You could make a dull, didactic movie that made this argument, but if you had the talent you could make something as wonderful as “A Separation”. Its virtues are the virtues of the best realism in general. It doesn't preach but shows. The truth is read on the faces of its characters, not proclaimed in speeches. The characters are symbolic (avoidance versus stubborn resistance), but they are complex, and the line between what is admirable and regrettable is ambiguous. Above all, the film is rich with the particularity of realism: the physical details of a hearing room, the sounds of groups of people milling in a waiting area, the long moments of waiting that occur even in the midst of life-changing events.
The central point of view largely belongs to the eleven year-old daughter of the separating couple. It is through her eyes (literally) that you see the truth that it is the measure of an unjust system that it compels you to act dishonestly. The film ends with a question posed to the viewer, whether to fight or flee, but in the form of the daughter’s choice of custody, and you feel, as she does, that the choice itself is unfair.

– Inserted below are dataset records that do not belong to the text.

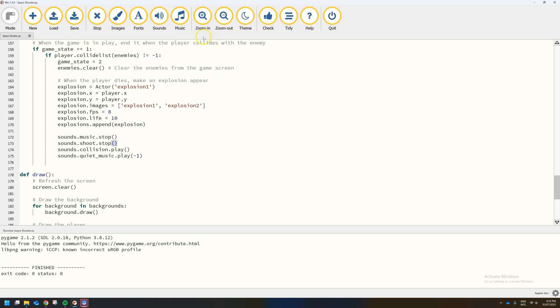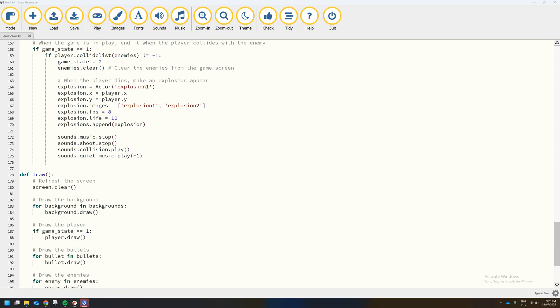That's about all we need to do in this video. For the next step, I'll give you a few challenges — things like adding power-ups, putting in a splash screen at the start so the game doesn't begin immediately, and adding the ability to restart after you die. Those are just a few ideas to extend your game. I'll see you in a later tutorial.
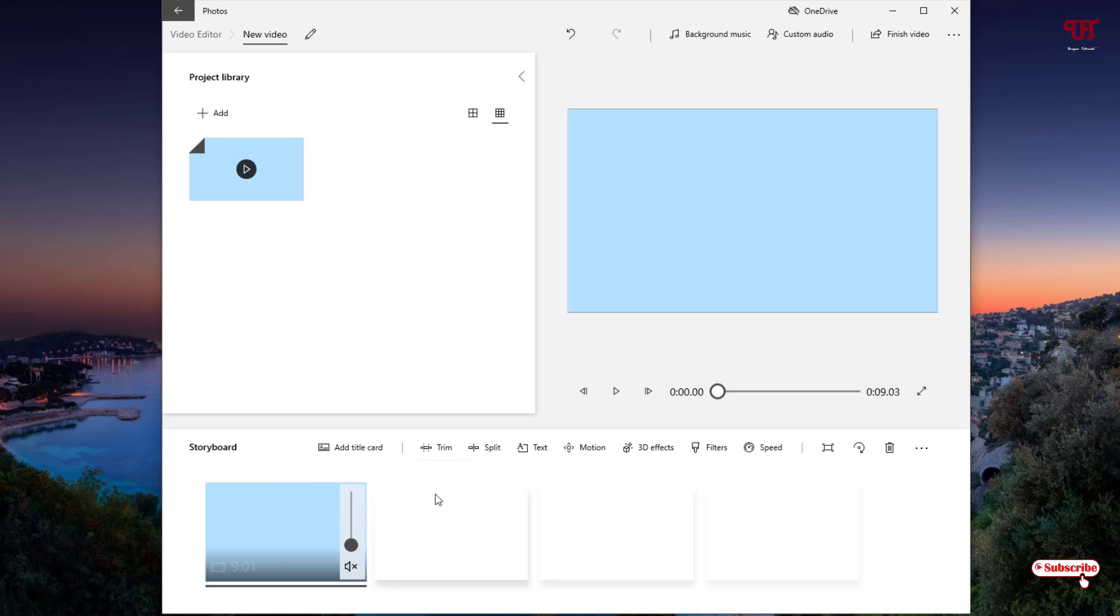So once you are done, you can see on the top right corner Finish Video. Just click on it.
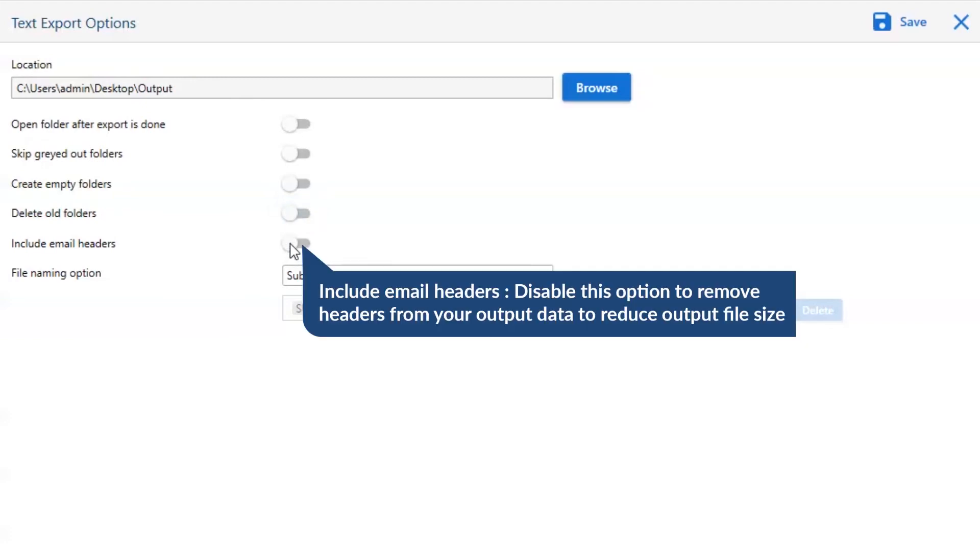Next is include email header. We recommend you to disable this option to remove headers from your output data to reduce output file size.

In case it isn’t already clear, the film is technically and stylistically near-perfect. The camera angles are just the right mixture of naturalistic and disorienting, the pacing is taut but never rushed, and the acting is thoroughly convincing. It is gripping to watch, a film you would find fascinating even if it had no point to make. I wish, at this time of enormous economic injustice, we could have a film that treats class in America with the same clarity, drama and artistic integrity.